Stabil Tapi Belum Pulih
Memasuki 2025, situasinya sedikit lebih tenang. Heri menyebut kondisi P3BC sejak kuartal pertama hingga kuartal ketiga tahun ini “stabil”. Penjualan tidak melonjak, tapi juga tidak merosot drastis—bertahan di angka 50–56%.
Meski demikian, ia sadar bahwa mode survival belum berakhir. Bedanya, kini ada ruang untuk adaptasi. “Kami harus menyesuaikan diri dengan perubahan pasar,” ujarnya.
Gen Z dan Paradigma Baru Konsumen Batik
Perubahan terbesar datang dari sisi konsumen. Generasi Baby Boomer dan X—yang dulu rela membayar batik Rp 3 hingga 10 juta—kini bukan lagi pasar utama. Generasi Z telah mengambil alih, dengan karakter dan daya beli yang sangat berbeda.

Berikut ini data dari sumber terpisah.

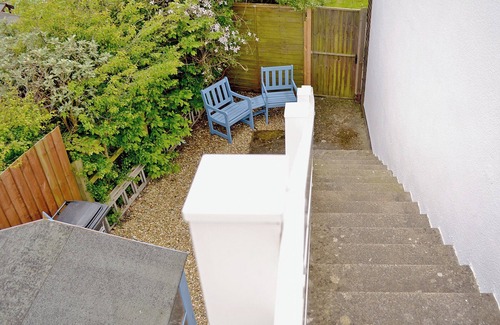 Appledore Cottage | 2 bedroom accommodation in Yelland, near Bideford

“Buat mereka, batik di atas Rp 1 juta itu sudah terlalu mahal,” kata Heri. Data dari marketplace seperti Shopee dan Tokopedia membuktikan: produk batik dengan harga Rp 100 ribu sampai Rp 300 ribu justru menjadi yang paling laris.
Selain soal harga, preferensi Gen Z juga unik. Mereka tak terlalu peduli dengan filosofi atau storytelling batik. Yang mereka cari adalah hal-hal praktis: warna pastel, cutting simpel, longgar, dan nyaman dipakai.
“Batik bagi mereka bukan kebutuhan, tapi selera. Mereka baru merasa ‘butuh’ kalau di kantor ada aturan wajib pakai batik,” jelas Heri.
Siap Berinovasi

Jika pasar yang berubah menjadi tantangan, maka produksi justru tidak terlalu bermasalah. “Kendalanya lebih ke permintaan, bukan produksi,” ujar Heri.
Workshop P3BC bahkan sudah terbiasa melakukan inovasi. Dari teknik pewarnaan soft hingga eksperimen baru terus dicoba. Beberapa di antaranya adalah:
- Teknik kusak, memakai alat sederhana mirip proses membuat tahu, menghasilkan motif khas.
- Teknik gosok/instan, menggunakan pewarna lebih gelap dari warna dasar untuk mencetak pola langsung.
- Teknik kombinasi cat, memadukan cat dengan pola batik tradisional.
Selain itu, teknologi AI juga mulai ikut bermain dalam desain batik. AI mampu menciptakan desain kompleks dalam hitungan menit. Namun, tidak semua desain bisa langsung diterjemahkan ke kain.
“Tetap harus ada penyesuaian. Kalau semua orang hanya bicara cuan, batik bisa kehilangan rohnya. Batik itu tetap harus dibuat dengan malam panas,” tegasnya.
Tiga Pilar P3BC ke Depan
Di tengah segala perubahan, Heri menegaskan bahwa P3BC akan terus menjaga tiga pilar utama:
- Kolaborasi – antar pembatik harus saling dukung, bukan sekadar bersaing.
- Sinergi – membangun kerja sama dengan institusi pemerintahan seperti BUMN, pemerintah pusat, kementerian, dan pemerintah daerah.
- Berbagi – para pembatik yang sudah mapan harus membantu yang baru mulai, misalnya lewat makloan, berbagi desain, atau membantu menjualkan produk mereka.
Heri sadar, masa depan batik ada di tangan generasi muda, baik dari sisi produsen maupun konsumen. Maka tantangan terbesar saat ini adalah bagaimana membuat Gen Z tertarik, tanpa mengorbankan ruh batik itu sendiri.
“Kalau bukan orang batik yang menjaga idealisme, siapa lagi?” katanya menutup perbincangan.